PROVIDED ENTRIES >>
╔══
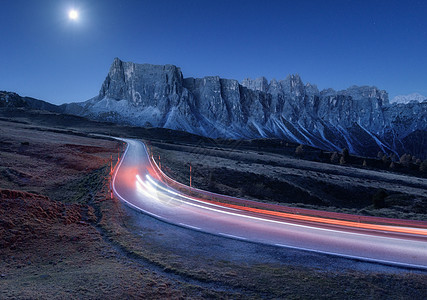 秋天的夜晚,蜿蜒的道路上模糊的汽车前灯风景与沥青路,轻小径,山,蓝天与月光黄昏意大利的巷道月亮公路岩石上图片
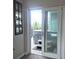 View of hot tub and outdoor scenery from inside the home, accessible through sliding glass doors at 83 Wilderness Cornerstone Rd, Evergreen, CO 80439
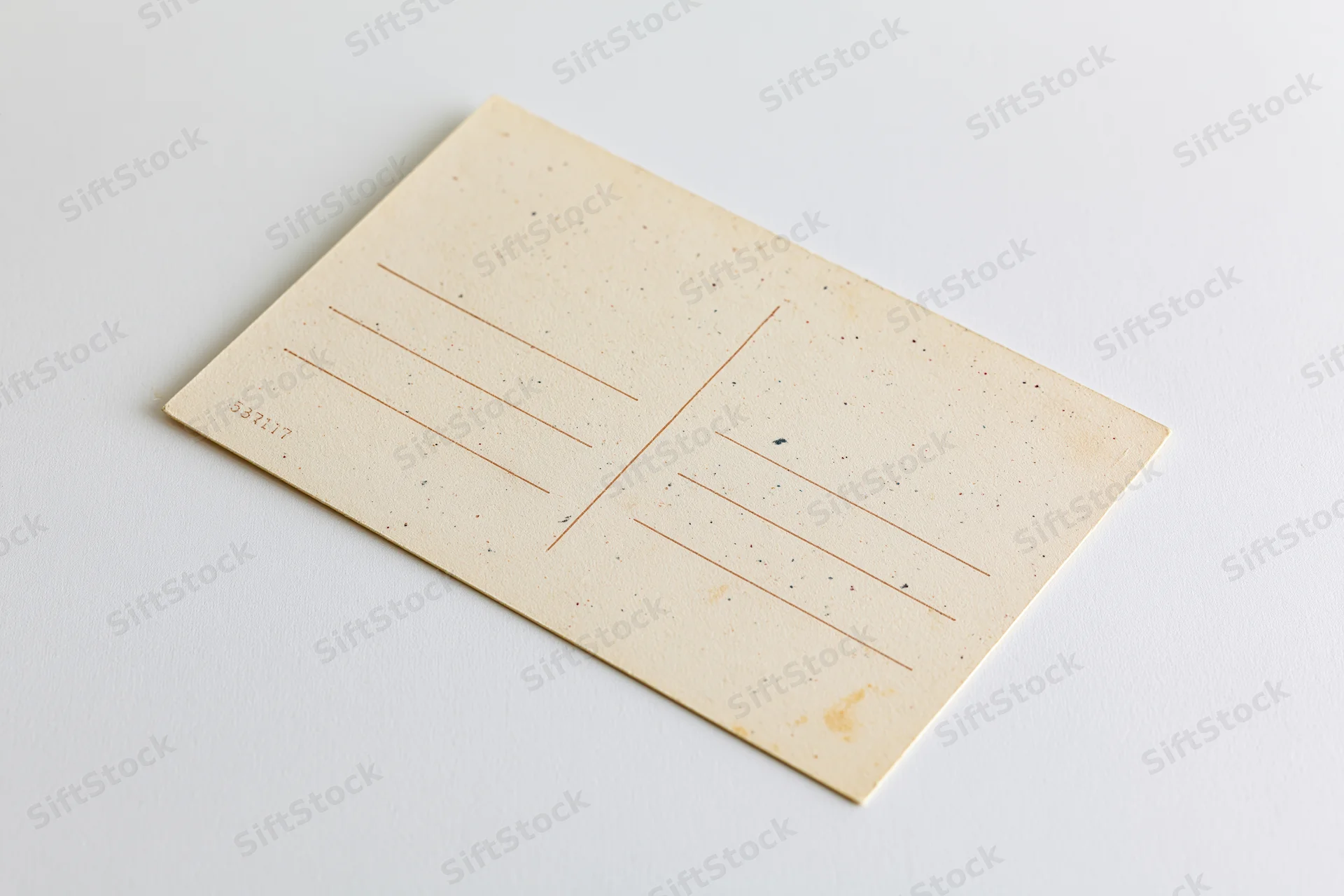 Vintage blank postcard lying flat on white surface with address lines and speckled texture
╚══
╔══
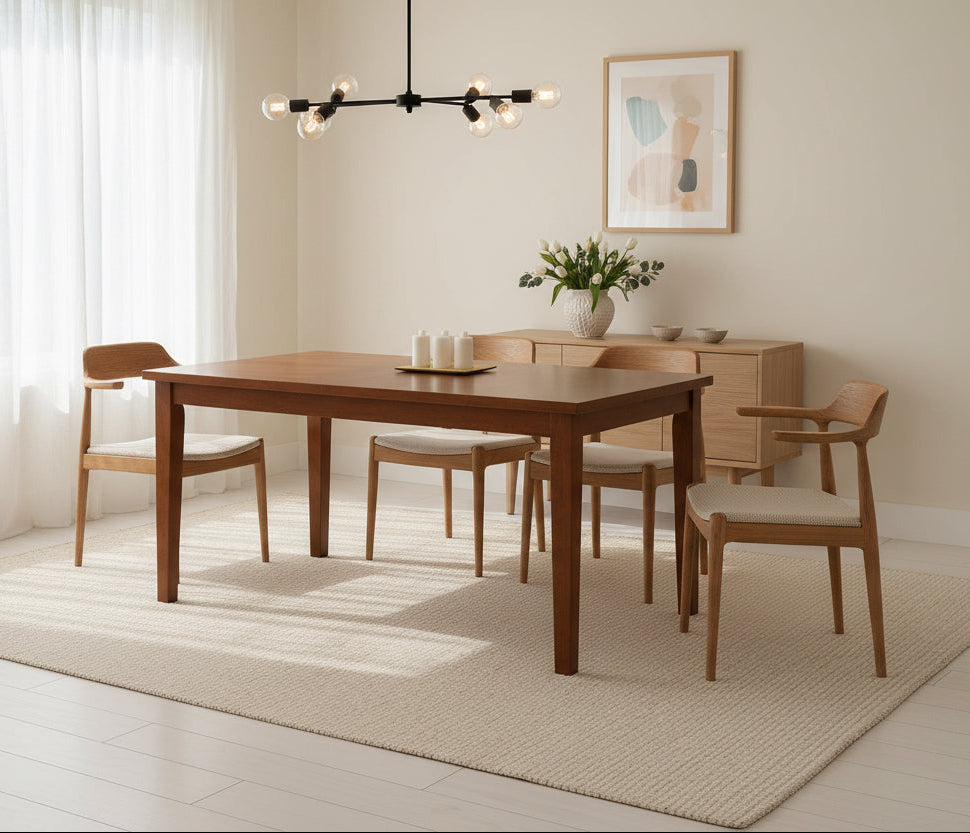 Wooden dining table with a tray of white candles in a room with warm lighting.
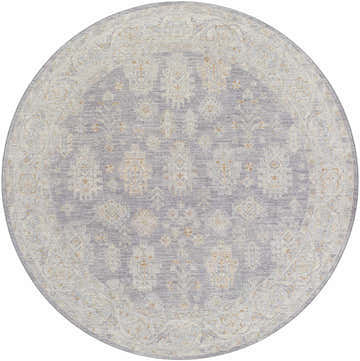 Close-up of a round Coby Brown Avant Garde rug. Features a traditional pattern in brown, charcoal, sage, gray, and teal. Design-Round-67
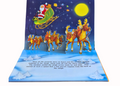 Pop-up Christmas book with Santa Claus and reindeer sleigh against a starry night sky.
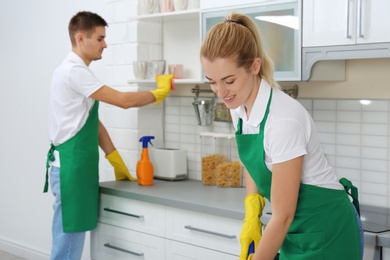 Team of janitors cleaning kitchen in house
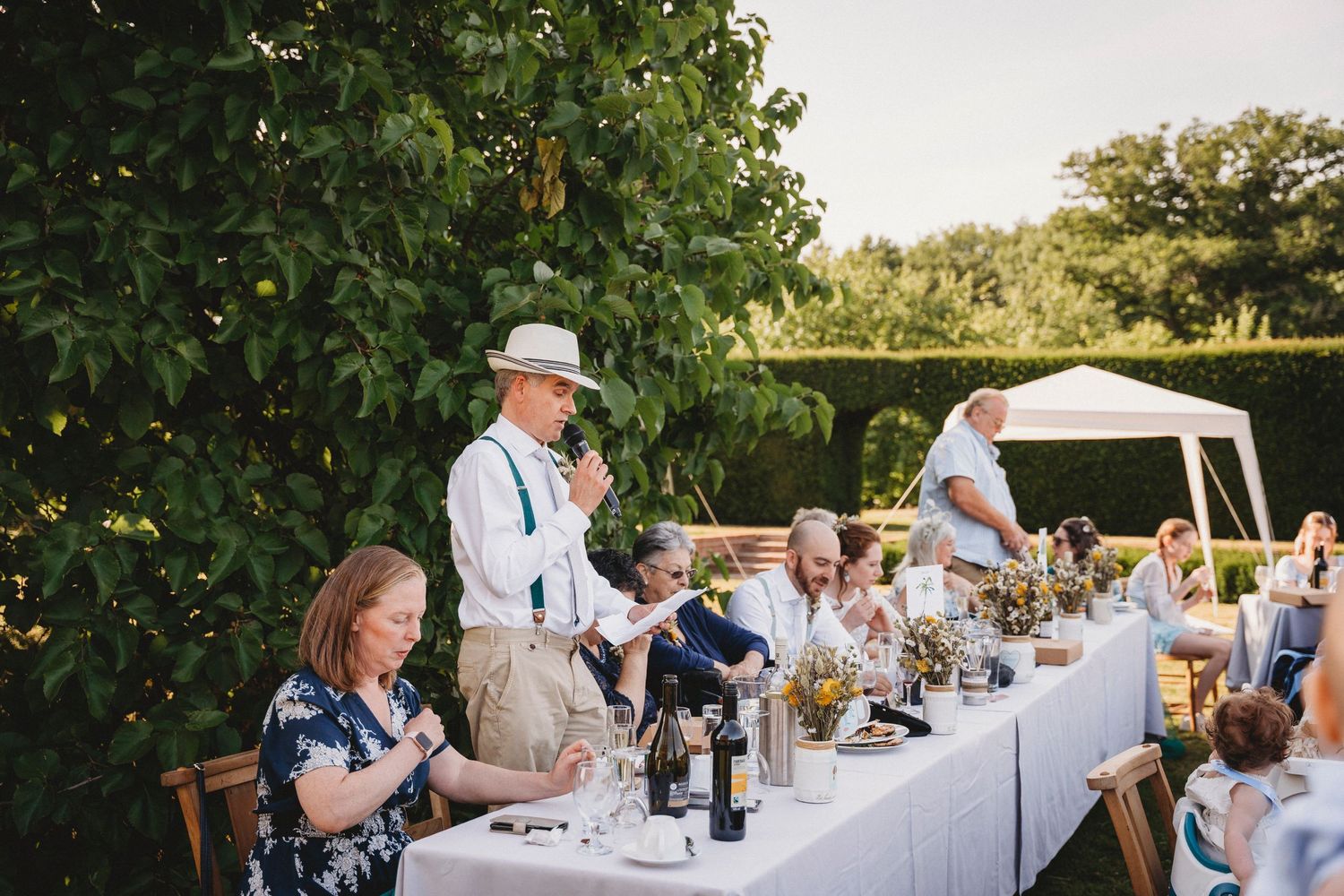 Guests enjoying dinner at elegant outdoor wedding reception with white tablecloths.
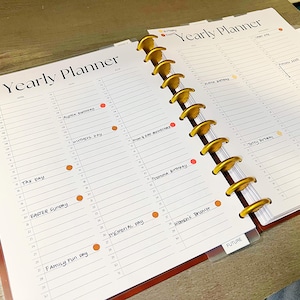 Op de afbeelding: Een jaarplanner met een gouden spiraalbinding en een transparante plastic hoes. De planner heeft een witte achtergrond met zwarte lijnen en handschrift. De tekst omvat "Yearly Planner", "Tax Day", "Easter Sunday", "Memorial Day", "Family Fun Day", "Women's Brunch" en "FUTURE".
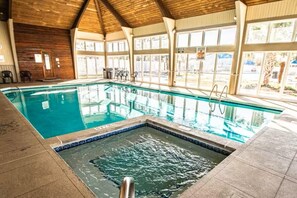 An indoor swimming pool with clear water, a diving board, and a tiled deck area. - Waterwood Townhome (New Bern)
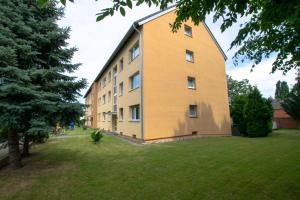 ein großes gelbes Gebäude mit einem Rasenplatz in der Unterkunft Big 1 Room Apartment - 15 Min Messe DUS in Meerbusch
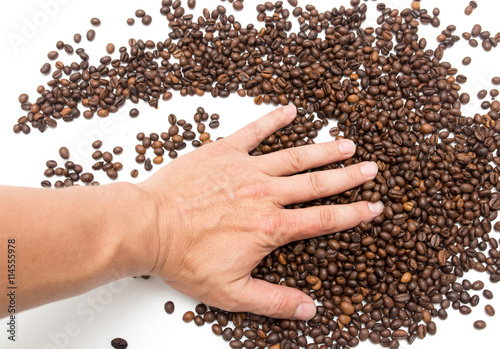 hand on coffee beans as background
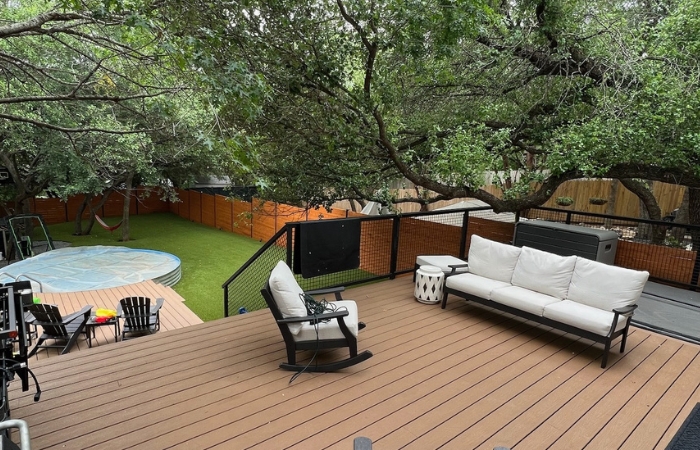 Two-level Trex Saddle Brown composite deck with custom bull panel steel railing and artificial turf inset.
╚══
ASSIGNMENT >> Of the lines above, quote exactly those from the one with "Close-up of a" through the one with "Two-level Trex Saddle", ends included; pictures stay out.

FINISHED EXERCISE >>
 Close-up of a round Coby Brown Avant Garde rug. Features a traditional pattern in brown, charcoal, sage, gray, and teal. Design-Round-67
 Pop-up Christmas book with Santa Claus and reindeer sleigh against a starry night sky.
 Team of janitors cleaning kitchen in house
 Guests enjoying dinner at elegant outdoor wedding reception with white tablecloths.
 Op de afbeelding: Een jaarplanner met een gouden spiraalbinding en een transparante plastic hoes. De planner heeft een witte achtergrond met zwarte lijnen en handschrift. De tekst omvat "Yearly Planner", "Tax Day", "Easter Sunday", "Memorial Day", "Family Fun Day", "Women's Brunch" en "FUTURE".
 An indoor swimming pool with clear water, a diving board, and a tiled deck area. - Waterwood Townhome (New Bern)
 ein großes gelbes Gebäude mit einem Rasenplatz in der Unterkunft Big 1 Room Apartment - 15 Min Messe DUS in Meerbusch
 hand on coffee beans as background
 Two-level Trex Saddle Brown composite deck with custom bull panel steel railing and artificial turf inset.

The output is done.